Guerra no Irã faz preço do querosene de aviação disparar no Brasil

As companhias aéreas brasileiras gastaram R$ 5,2 bilhões a mais com querosene de aviação (QAV) desde o início do conflito entre Estados Unidos e Irã, em 28 de fevereiro. O levantamento é da Associação Brasileira das Empresas Aéreas (Abear), que representa Azul, Gol e Latam.

Após o reajuste de 1,9% (R$ 0,09 por litro) anunciado pela Petrobras no último dia 1º, o preço do combustível acumula alta de 49% desde o início da guerra. Com isso, o QAV passou a representar 39% dos custos das empresas, ante 32% antes do conflito.

Segundo a Abear, a forte exposição ao mercado internacional fez o preço do combustível praticamente dobrar em maio, na comparação com o período pré-guerra. Apenas naquele mês, o gasto adicional das empresas foi de cerca de R$ 1,6 bilhão, valor que equivale ao arrendamento de aproximadamente 830 aeronaves.

Durante uma audiência pública em junho, o presidente da Abear, Juliano Noman, classificou o valor como exorbitante. “Hoje temos em torno de 500 aviões voando no Brasil.
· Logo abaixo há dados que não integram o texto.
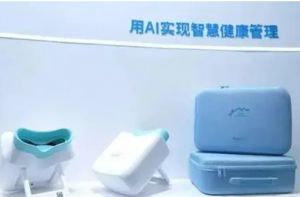 罗麦观薇智能参与起草的国家标准正式发布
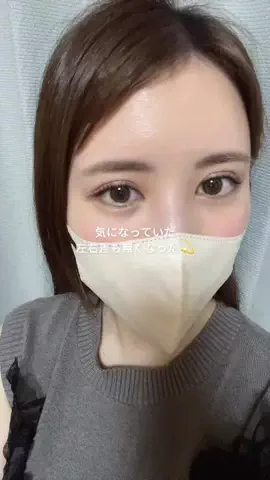 垢抜け日記ちゃんのTikTok投稿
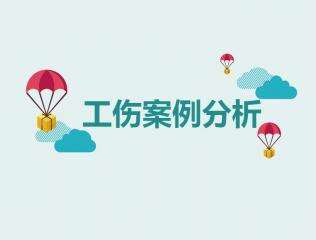 建筑施工工伤案例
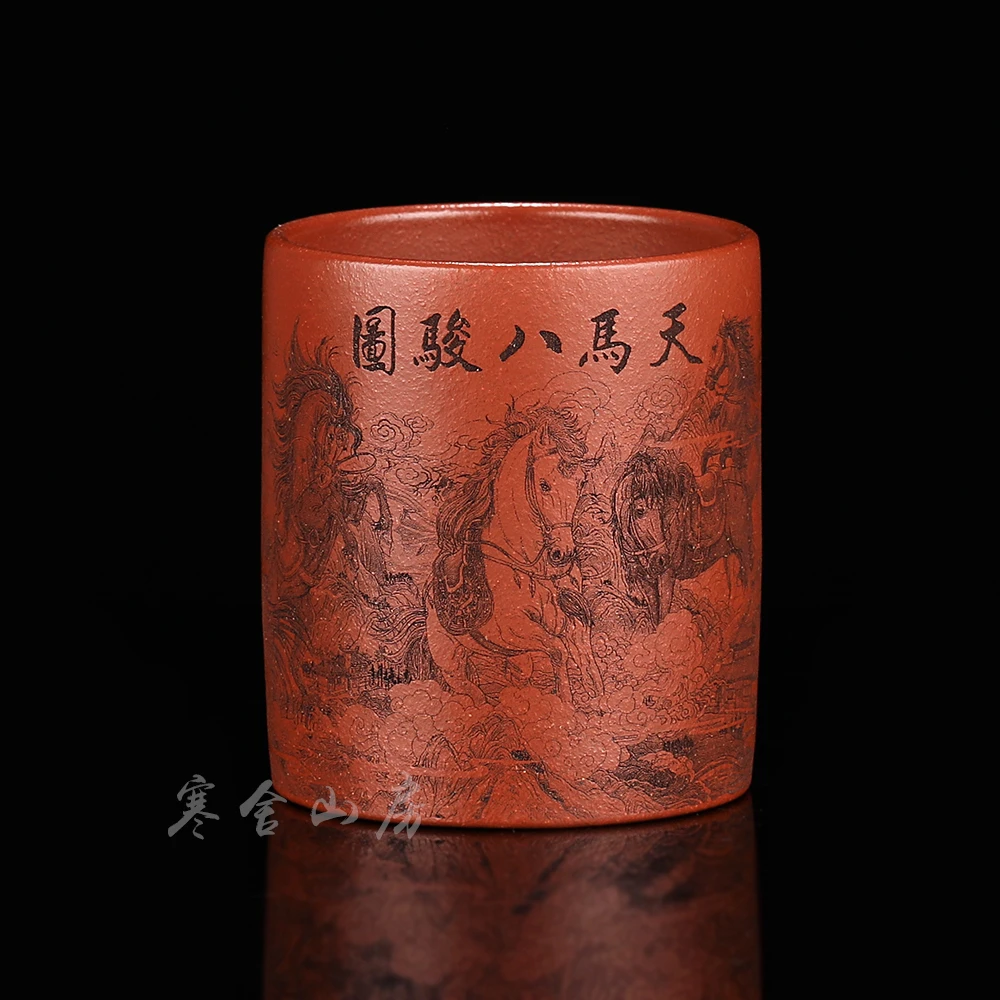 宜兴原矿紫砂降坡泥天马八骏图主人杯180cc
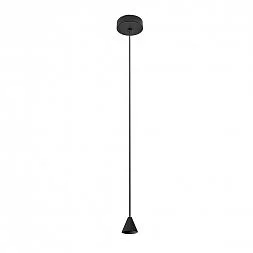 Подвесной светильник без абажура Azzardo Tentor AZ3098
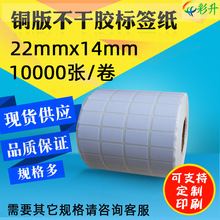 22*14*10000条码纸 铜版纸 不干胶条码 标签纸 22X14 条码打印纸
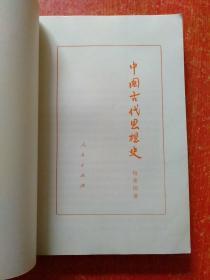 4册合售：中国古代思想史、简明中国哲学史、中国历史文选(上下册)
O que pagamos a mais de combustível em maio já representa mais da metade do que gastamos com o leasing da frota atual”, afirmou na Comissão de Defesa do Consumidor da Câmara.

O preço do QAV é reajustado mensalmente pela Petrobras. Em julho, a estatal reduziu o valor em 14,2% (R$ 0,93 por litro) após três aumentos consecutivos, mas os preços seguem em patamares elevados.